The fall in the price of the underlying does not perturb the long-termer. Solid research has been done, and the markets make huge mispricing blunders when in free fall. Market players go all psycho and discard their precious holdings at throw-away prices. Picking up quality stocks at bargains is exactly what the long-termer is in it for.
The long-termer has done a few more things.
Family has been secured with multiple income-sources and emergency funds. What’s going into the market is sheer surplus, not envisaged to be required over the next ten years.
Then, entry quantum is small each time, small enough so that entries can be made all year round, and there will still be ample savings left after all entries.

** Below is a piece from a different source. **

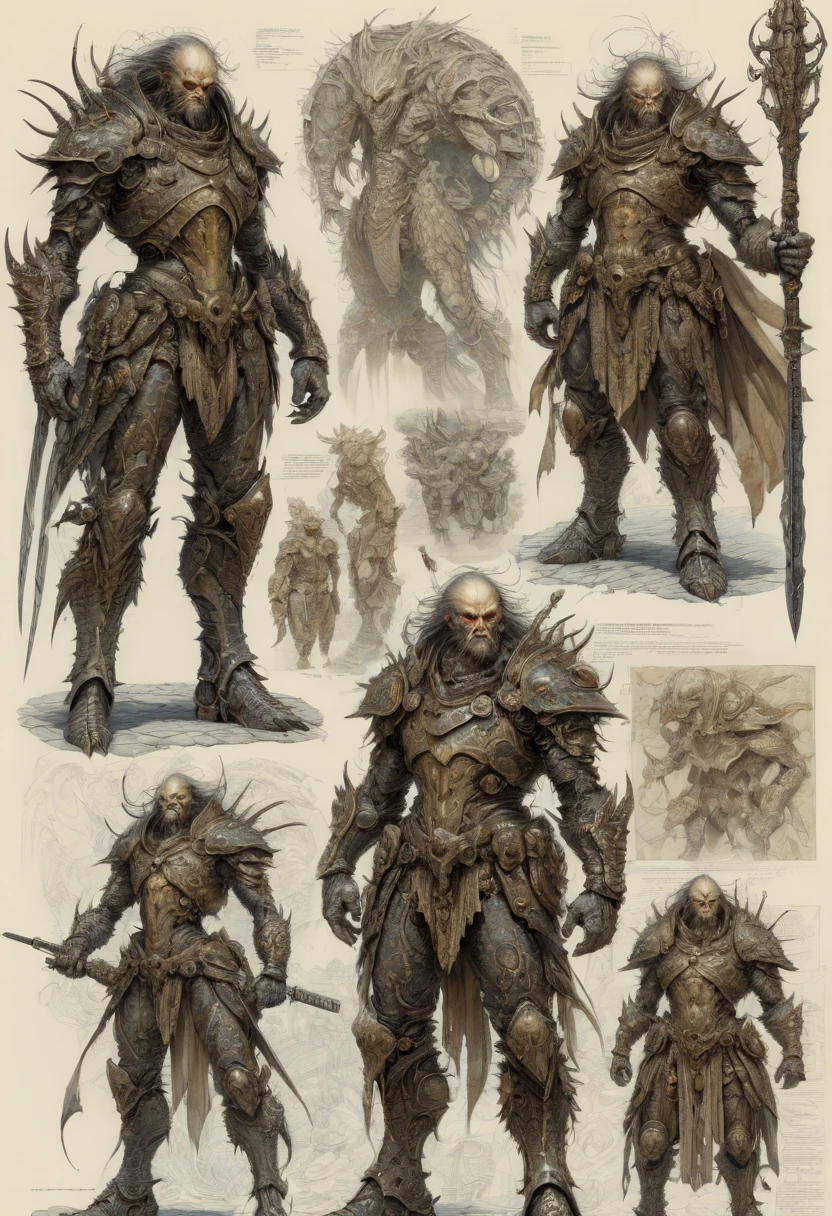 character design sheet by Ian Miller, best quality, masterpiece, Representative work, official art, Professional, Ultra intricate detailed, 8k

How does one calculate a small enough entry quantum that satisfies all of the above criteria?
One works backwards.
Pinpoint your income after tax for the year.
Decide what you wish to amply save. Subtract this from your income. Further, subtract expenses. You are left with an amount. Decide whether all of this amount can go into the market, or whether only a part. Maybe you wish to go for a holiday with your family, or perhaps you wish to buy a vehicle, or what have you. Subtract such additional expenditure too. Finally, you are left with the amount that you wish to plough into the market, over the course of the year.
Next, take the amount, and divide it by 30, or 40 or 50.
On the down-side, the market could offer you margin of safety on 30 of the days that it is open in the year. On the up side, the number could be 50. We are talking about ten-year average numbers. During a singular correction, the market could offer margin of safety continually for the whole year. Decide what your magic number is. 30-40-50 days per year works ok over a ten year period. Divide the amount you’ve set aside with the number you’re comfortable with to arrive at your entry quantum per entry-day, for the year in question. Now you can keep going in with this same quantum through out the year whenever margin of safety is offered, and you generally won’t have to worry about running out of investing money, on average.
Great stock-picking, excellent due diligence, surplus going in, small-enough entry quantum, ability to sit – the long-termer is armed with these weapons, and now, he or she can average down as much as desired, whenever margin of safety is offered.